— Assignment —
For the data that follows, print the line with "Screenshot — client profile 101", the line with "Poster Marinho e", and all lines between them, exactly as they stand. Omit pictures and add nothing.

— Extracted data —
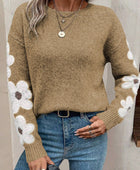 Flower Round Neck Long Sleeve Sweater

==

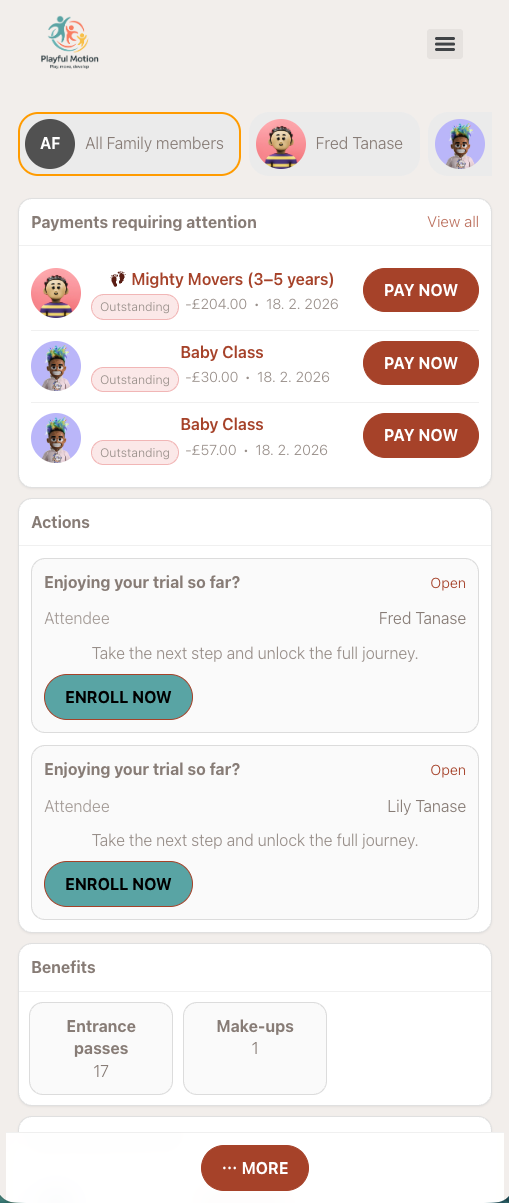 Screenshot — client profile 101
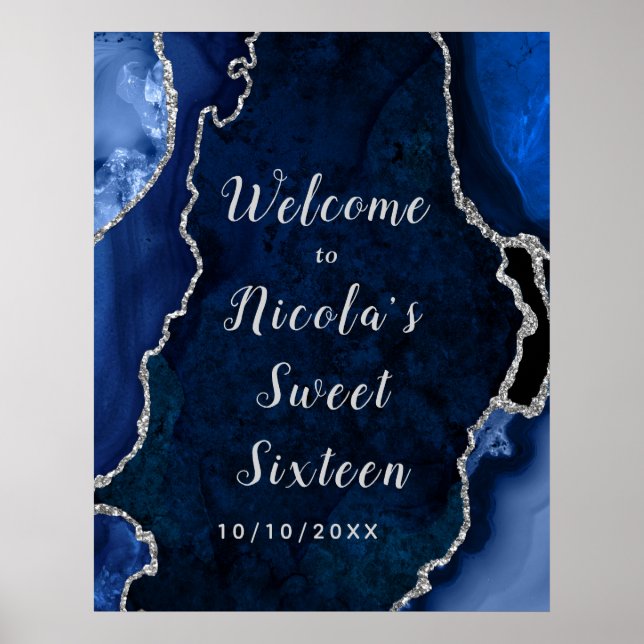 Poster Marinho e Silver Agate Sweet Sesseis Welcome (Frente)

--

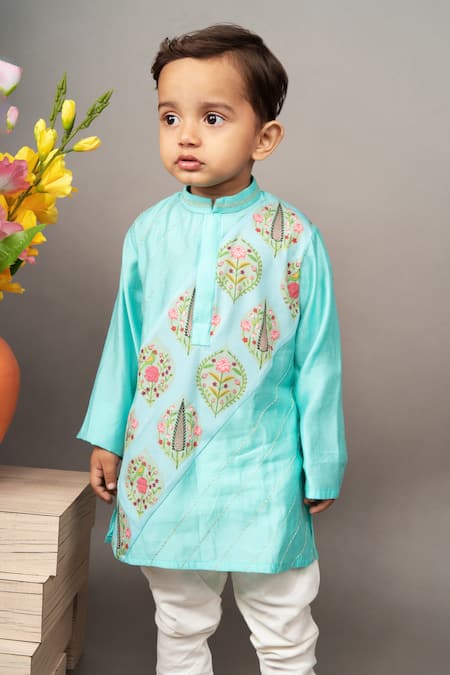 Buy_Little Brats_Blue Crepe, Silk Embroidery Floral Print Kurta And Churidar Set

— Task answer —
 Screenshot — client profile 101
 Poster Marinho e Silver Agate Sweet Sesseis Welcome (Frente)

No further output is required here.